__EXERCISE__.
Return the lines of the data below, from the one containing "dzieci wyklejają jeża pestkami słonecznnika" through the very last, exactly and with both ends included; no pictures.

__EXERCISE DATA__.
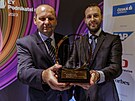 Otec Ladislav Brzdil a syn stejnho jmna si odnesli cenu Podnikatel roku za...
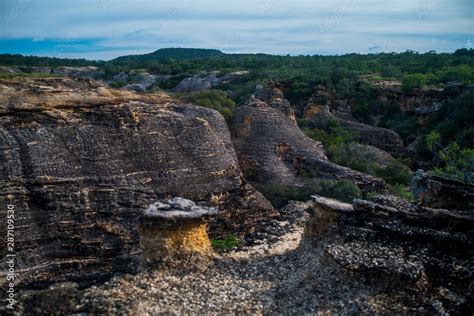 A Fantástica Fortaleza de Shimen: Um Tesouro Arqueológico no Coração da Natureza!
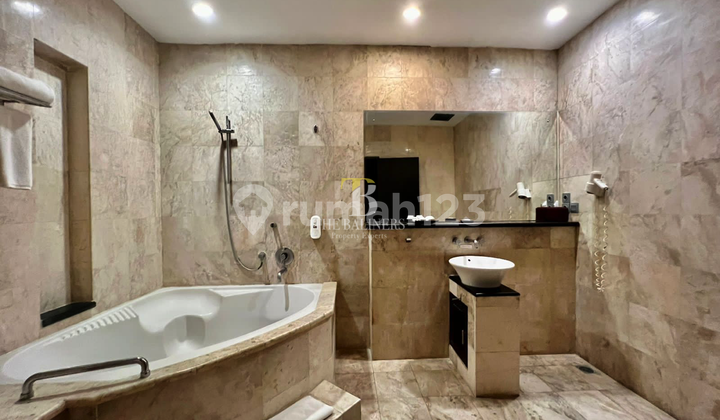 Modern Traditional Hotel In Prime Legian 10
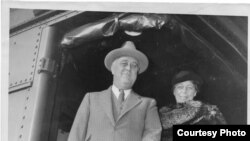 Franklin and Eleanor Roosevelt en route to Washington, D.C. after a week in Hyde Park. November 8, 1935. 
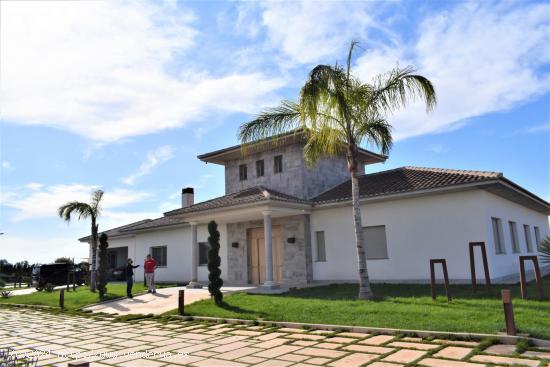 Villa de Lujo situada entre Puerto Lumbreras y El Esparragal - MURCIA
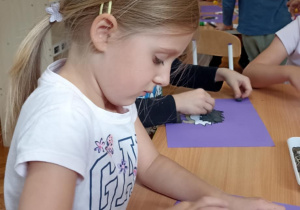 dzieci wyklejają jeża pestkami słonecznnika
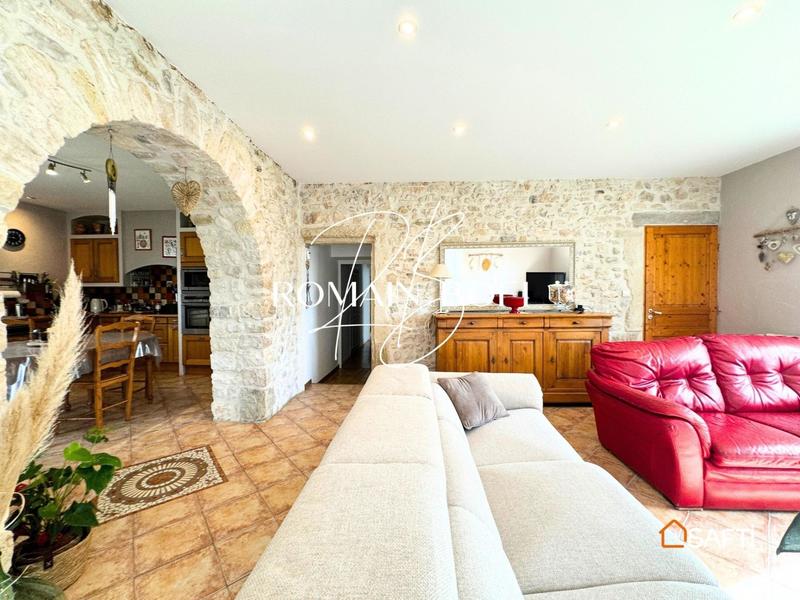 Maison - 250 m² - 11 pièces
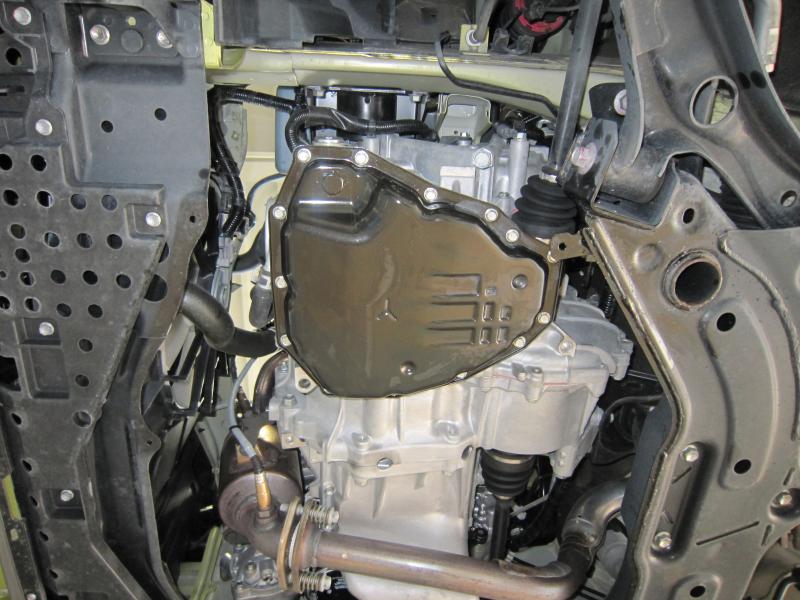 作業終了後、オイル漏れやドレンの締め忘れ等が無いかを
しっかり確認して作業終了です。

__PROBLEM SOLUTION__.
 dzieci wyklejają jeża pestkami słonecznnika
 Maison - 250 m² - 11 pièces
 作業終了後、オイル漏れやドレンの締め忘れ等が無いかを
しっかり確認して作業終了です。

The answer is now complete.